The aim of the conferences is to provide an opportunity for stakeholders from the the former Yugoslavia to meet and discuss the Tribunal’s contribution to transitional justice in the region. The conferences will provide a platform for the wider community to take stock of the Tribunal’s achievements. Participants will be able to share their thoughts on what the Tribunal’s legacy should be and how it should be reinforced.
Journalists are cordially invited to cover the conferences. Further information is available online.
Office of the Prosecutor:
Frederick Swinnen, Special Advisor to the Prosecutor, made no statement.
Asked what the future plans concerning the ICTY archives were, Nerma Jelačić said that the Tribunal had been working actively on the archives issue. She emphasised that it was very important to differentiate between the official archives of the Tribunal and the accessibility of court related material to the public. She explained that the decision of the final location of the archives of the Tribunal lies with the UN Secretary General. She added that, for now, the archives will be in the custody of the Mechanism for International Criminal Tribunals, the body that was set up to finish the work of the ICTY and ICTR.
Jelačić further said that, over the last two years, the Tribunal had looked into the possibility of establishing information centres across the former Yugoslavia. These centres would hold copies of the Tribunal’s judicial archives and make them accessible not only to the general public but also to specific and professional bodies interested in the work of the Tribunal. She explained that the Tribunal would continue to work with partner organisations at both international and local levels on this particular issue under the auspices of President Meron. She stressed that the official archives of the Tribunal would remain with the Mechanism for the International Criminal Tribunals until another decision was made by the UN.
Jelačić added that whilst the Tribunal’s Information Centers are primarily concerned with providing access to the archives to those most affected by its work, the citizens of the former Yugoslavia, the ICTY is currently working with a number of other international institutions on providing them access to public records of the archives so that they can be used in future projects.

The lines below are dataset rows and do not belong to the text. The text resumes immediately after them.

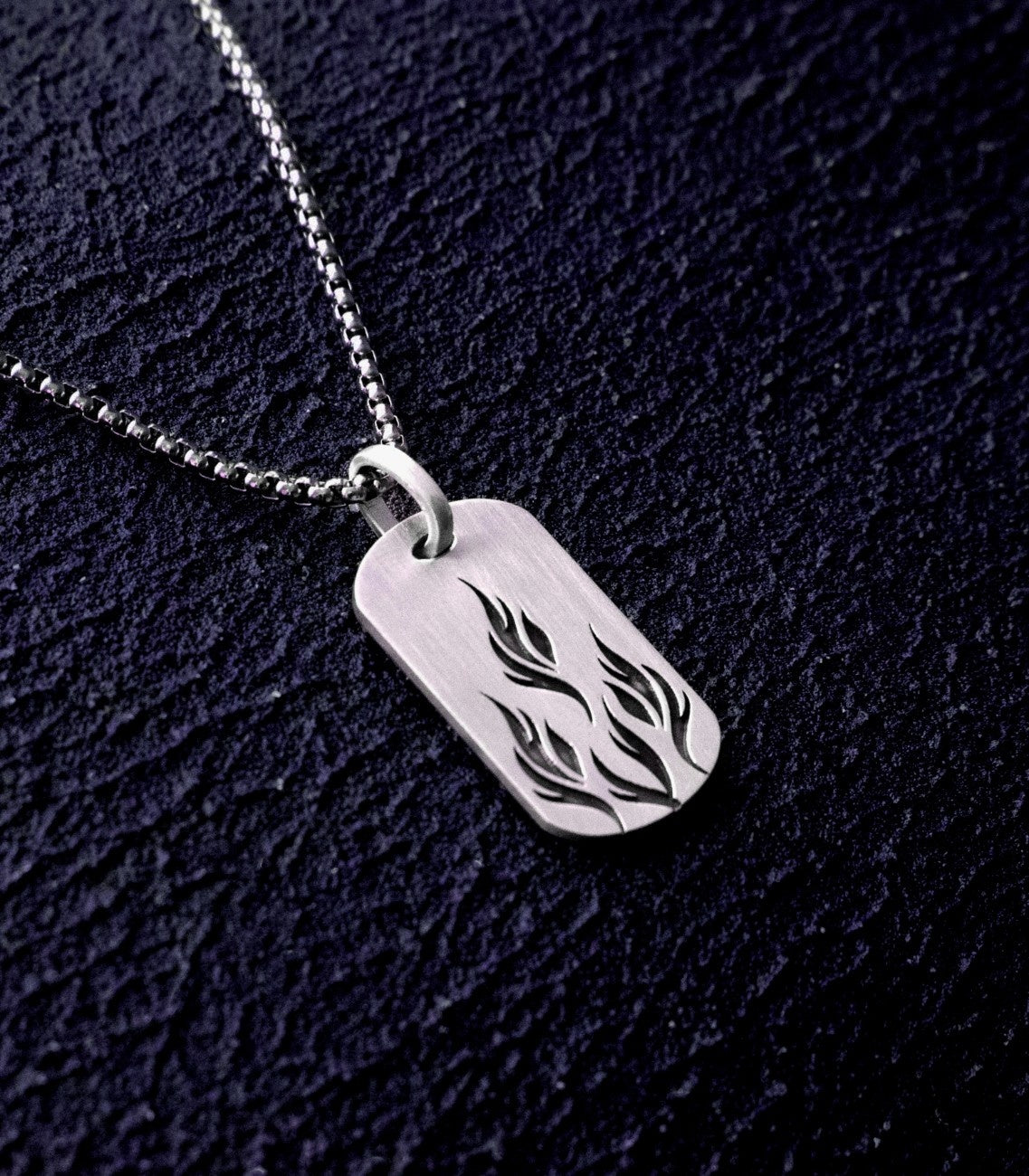 Inferno Necklace Engraved Fire Pattern Sterling Silver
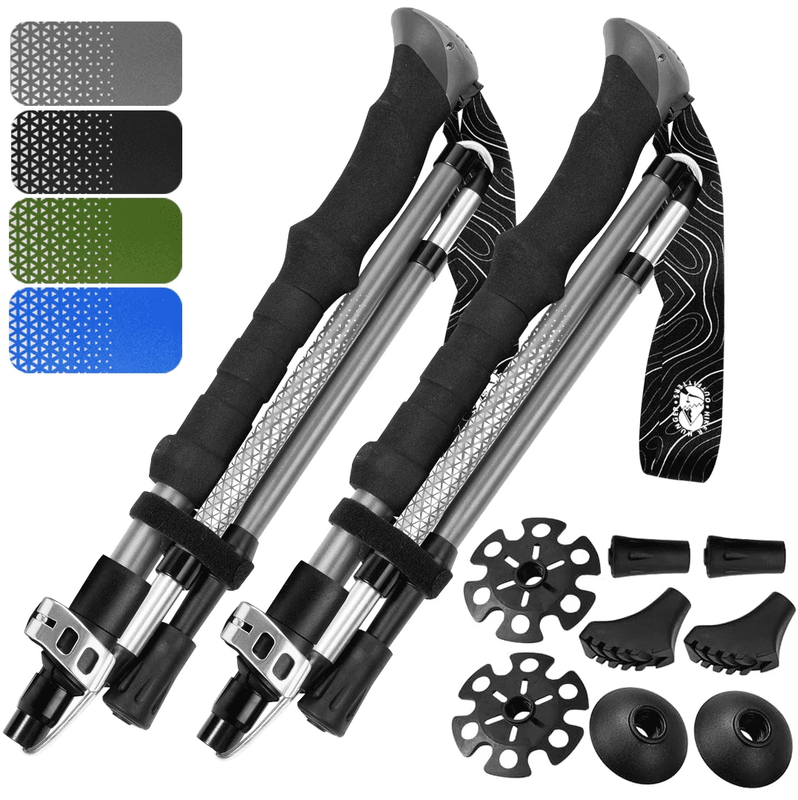 Foldable Hiking Poles – Lightweight Adjustable Aluminum Trekking Poles Cork Grip7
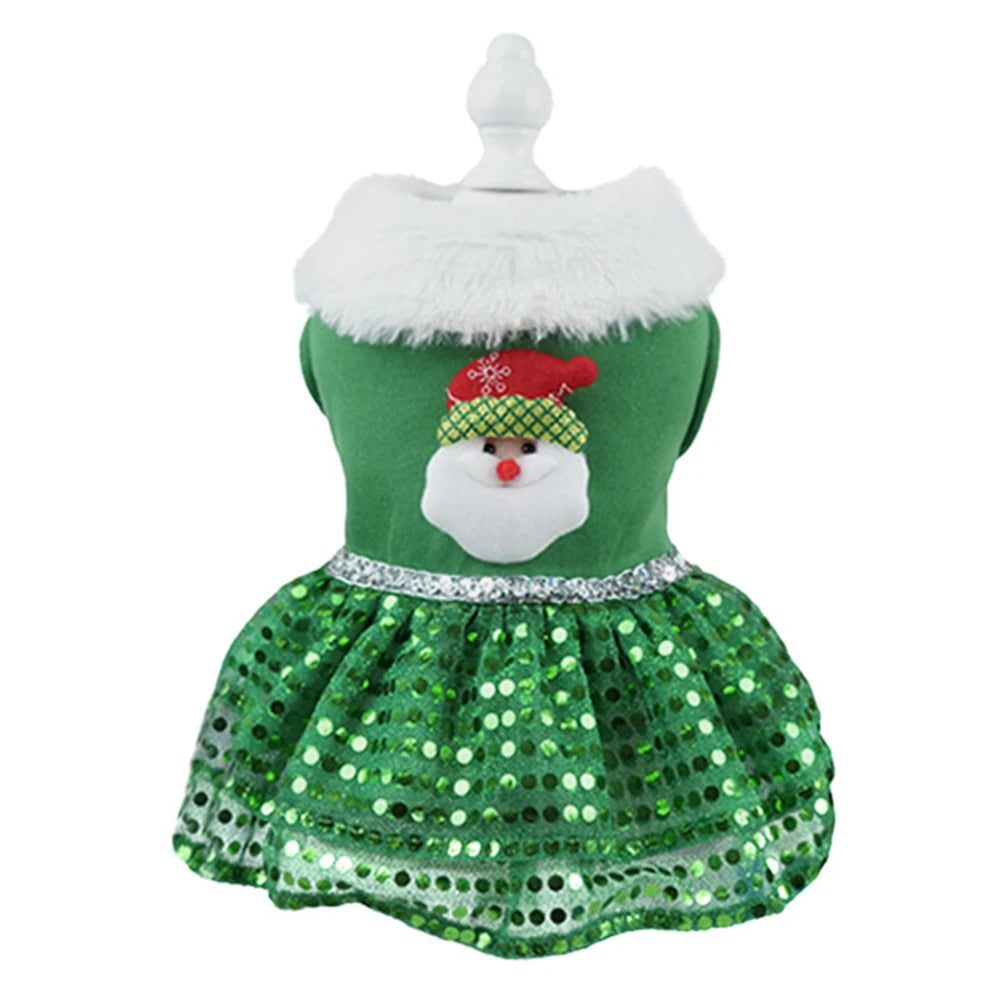 Christmas Bling Dog Dress Puppy Holiday Thermal Clothes Christmas Theme Dog Dress Outfit Christmas Dress Up Supplies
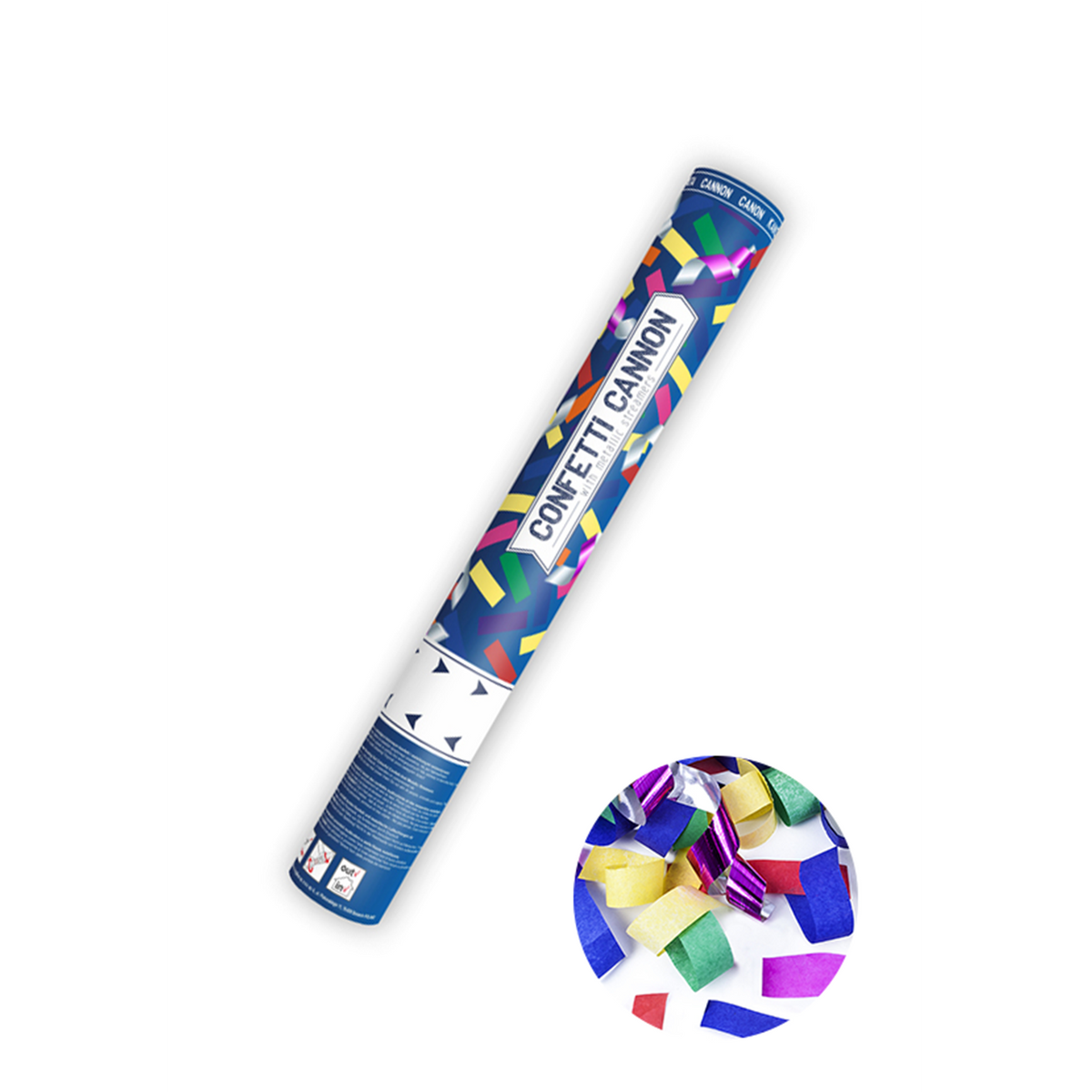 1 Konfettikanone - 40cm - MIX - Papier & Metallicstreifen - Bunt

Frederick Swinnen added that the Office of the Prosecutor was already working closely with national prosecutors who need access to the documents of the Office of the Prosecutor for their ongoing cases. He explained that this is done either through requests coming from the region or through their liaison representatives in The Hague. He emphasised that whilst a decision on the future location of the archives is pending, non confidential Court documents are already available to the public electronically.